Важную роль в решении выйти за пределы чистого академизма сыграл, очевидно, Гоголь [414] (Иванову, не вполне доверявшему себе, всегда было важно мнение авторитета [415] ). В данном случае это был выход в сторону еще более умозрительного, чем академизм, — литературного (по отношению к живописи), религиозного, в общем, чисто «идейного» — проекта.
414
Первая встреча с Гоголем происходит, скорее всего, в декабре 1838-го, максимальное личное общение приходится на 1839 год.
415
Есть основания думать, что с начала знакомства Гоголь стал постоянным советчиком Иванова (Машковцев Н. Г. Гоголь в кругу художников. М., 1955. С. 89).
Вероятно, разговоры Иванова и Гоголя по поводу картины касались религиозных чувств — и чувств персонажей картины, и чувств будущих зрителей. Картина из художественного (формально-стилистического) шедевра постепенно превращалась — скорее всего, именно под влиянием Гоголя — в средство воспитания, морального преображения и, в итоге, спасения всего человечества. Разговоры эти так и остались разговорами (в сущности, это было просто еще одно — наряду с письмами и слухами — пространство мифологизации: создания новой мифологии «сакрального искусства», нового мифа «художника-жреца», «художника-пророка», «художника-монаха»). Картину это не изменило — в том направлении, о котором, вероятно, мечтал Гоголь. Таким образом, для самого Гоголя, испытывавшего вполне искренний интерес к искусству и, вероятно, много ожидавшего от Иванова, это был опыт с результатом скорее отрицательным. Гоголь отрекся от брюлловского, языческого идеала [416] , но не обрел идеала ивановского, христианского. «Нет, пока в самом художнике не произошло истинное обращение ко Христу, не изобразить ему того на полотне» [417] ; это — приговор Иванову после нескольких лет оказавшихся бессмысленными разговоров.
416
Прежде Гоголя привлекал тип художника — блестящего артиста, который покоряет своей волшебной кистью, волнует ощущением высокой красоты, художника — любимца судьбы и баловня толпы, для которого творчество — это прежде всего наслаждение, искусство которого — роскошь, нега, отрада (Алпатов М. В. А. А. Иванов. Жизнь и творчество. Т. I. М., 1956. С. 224).
417
Гоголь Н. В. Исторический живописец Иванов / Выбранные места из переписки с друзьями // Собр. соч.: В 7 т. Т. 6. М., 1967. С. 113.

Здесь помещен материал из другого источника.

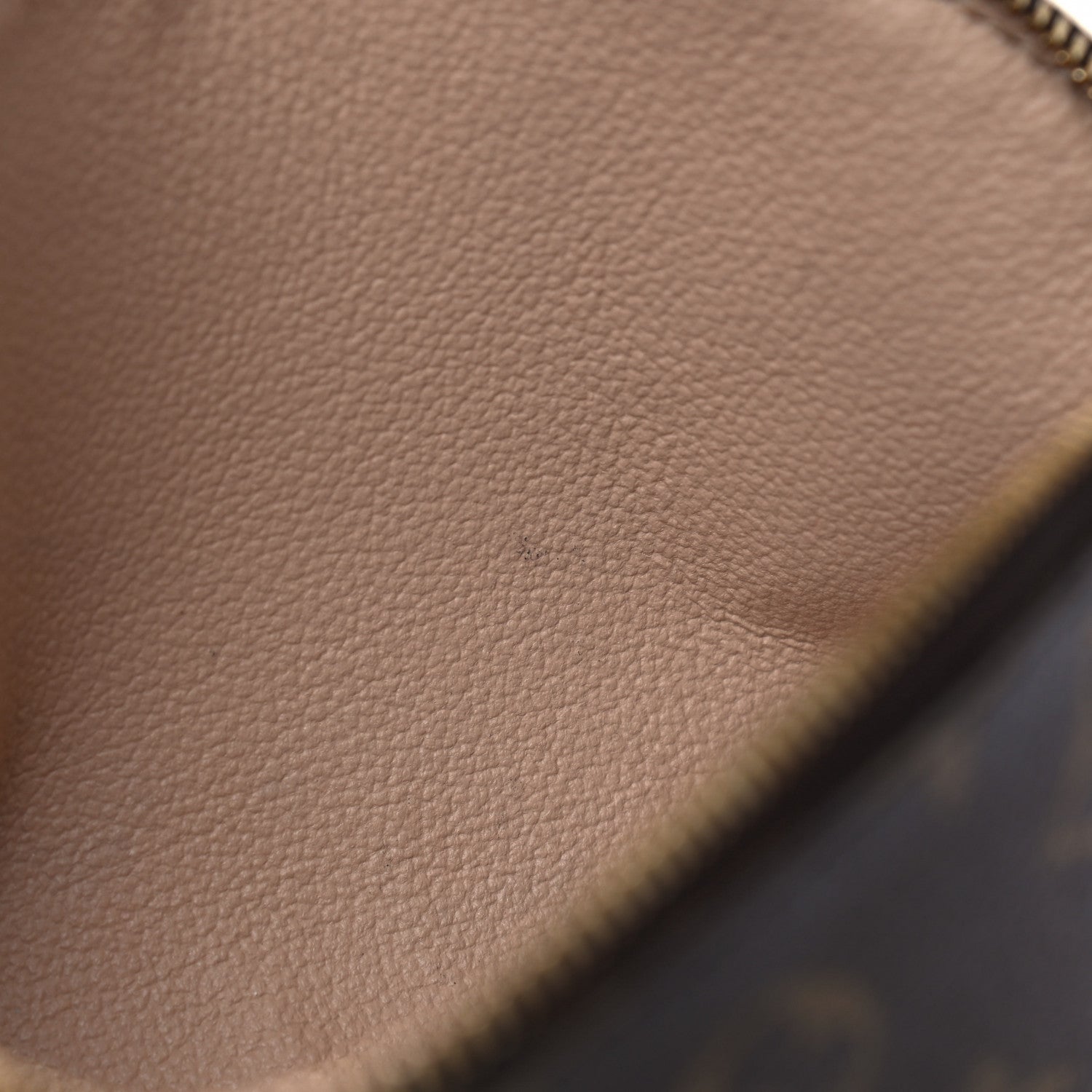 Louis Vuitton Monogram Cosmetic Pouch 5 of 11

Это был тупик. Иванов не понимал — как, а Гоголь не умел объяснить (а может быть, искренне считал, что после «истинного обращения ко Христу» все стилистические проблемы решатся сами собой). Главной причиной неудачи и взаимного разочарования в этом совместном проекте Гоголя и Иванова была, очевидно, сама невнятность представлений Гоголя об искусстве [418] , внешне весьма соблазнительных для простодушного художника, но не поддающихся точной формулировке; нечто «с оттенком высшего значения» («во всем умей находить внутреннюю мысль и пуще всего старайся постигнуть высокую тайну созданья» [419] ). На самом деле проблема Гоголя и Иванова — это общая проблема власти «мыслителя» («идеолога») над «художником», каким бы этот «художник» ни был. Это проблема идей и задач, выходящих за пределы возможностей изобразительного искусства (да и литературы, впрочем, тоже).
418
«Везде уловлена была эта плывучая округлость линий, заключенная в природе, которую видит только один глаз художника создателя и которая выходит углами у копииста. Видно было, как всё, извлеченное из внешнего мира, художник заключил сперва себе в душу и уже оттуда, из душевного родника, устремил его одной согласной, торжественной песнью» — типичный образец текстов Гоголя об искусстве (Гоголь Н. В. Портрет // Сочинения: В 2-х т. Т. 1. М., 1959. С. 584). При словах «плывучая округлость линий» вспоминается поздний Моллер (еще один художник, погубленный советами Гоголя); буквальное воплощение гоголевской метафоры — это его «Иоанн, проповедующий на Патмосе во время вакханалий» (1856, ГРМ), одна из худших картин русского искусства.
419
Гоголь Н. В. Портрет // Сочинения: В 2 т. Т. 1. М., 1959. С. 606.